The scalar unit of an AIE-ML / AIE-ML v2 device has no floating-point hardware support.
The AI Engine API supports
floating-point operations through emulation using bfloat16. Various precisions can be used for all operations which is set
by the flag --aie.float-accuracy safe|fast|low:
-
safe: Accuracy similar to FP32. -
fast: (default) Improved performance with slightly less accuracy than FP32. -
low: Best performances with better accuracy than FP16 andbfloat16.
float f=2.0f;
bfloat16 bf=(bfloat16)f;
float f2=(float)bf;
int32 ia=aie::to_fixed(f);
int16 ib=aie::to_fixed(bf);
float f3=aie::to_float(ib);
bfloat16 bf2=aie::to_float(ib);
float sqrt_f=aie::sqrt(f);
bfloat16 inv_bf=aie::inv(bf);
bfloat16 invsqrt_bf=aie::invsqrt(bf);
The AI Engine
API also supports conversion from complex integer to complex floating-point with aie::to_float:
cint16 c16;
cint32 c32;
cfloat cf=aie::to_float(c16,0);//shift=0
cfloat cf2=aie::to_float(c32,2);//shift=2
aie::vector<int16,16> vc16;
aie::vector<int32,16> vc32;
auto vcf=aie::to_float(vc16,0);//shift=0
auto vcf2=aie::to_float(vc32,2);//shift=2
The AI Engine
API supports conversion between floating-point accumulator registers and bfloat16 vector registers. It also supports floating-point
and bfloat16 to integer conversion:
aie::accum<accfloat,16> vf;
aie::vector<bfloat16,16> vbf=vf.to_vector<bfloat16>();
aie::accum<accfloat,16> vf2;
vf2.from_vector(vbf,0);
aie::vector<float,16> vf3;
aie::vector<int32,16> vi=aie::to_fixed<int32>(vf3,0);
auto vi2=aie::to_fixed<int32>(vbf,0);
The AI Engine
API supports multiple lanes of bfloat16 multiplication
and accumulation. It supports single-precision floating-point multiplication and
accumulation through emulation. The unit reuses the vector register files and permute
network of the fixed-point data path. In general, only one vector instruction per cycle
can be performed in fixed-point or floating-point.

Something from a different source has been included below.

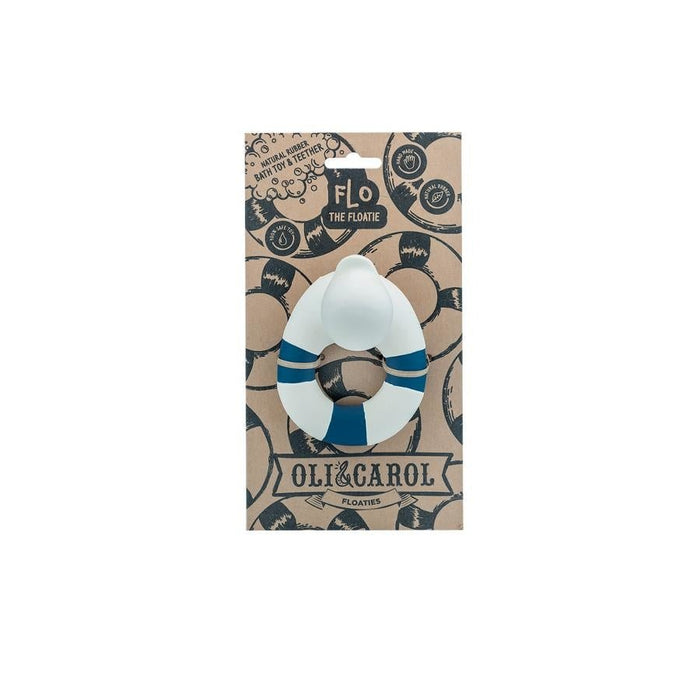 Flo the Floatie in weiß mit dunkelblau ♥ - pilzessono.shop - zauberhafte Kinderdinge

Floating-point MACs have a latency of two-cycles, thus, using two accumulators in a ping-pong manner helps performance.
auto ita=aie::begin_vector<16>(data1);
auto itb=aie::begin_vector<16>(data2);
auto ito=aie::begin(out);
aie::accum<accfloat,16> acc1=aie::zeros<accfloat,16>();
aie::accum<accfloat,16> acc2=aie::zeros<accfloat,16>();
aie::vector<bfloat16,16> va,vb;
for(int i=0;i<32;i++) chess_prepare_for_pipelining {
va=*ita++;
vb=*itb++;
acc1=aie::mac(acc1,va,vb);
va=*ita++;
vb=*itb++;
acc2=aie::mac(acc2,va,vb);
}
auto acc=aie::add(acc1,acc2);
auto sum=aie::reduce_add(acc.to_vector<float>(0));
*ito=(bfloat16)sum;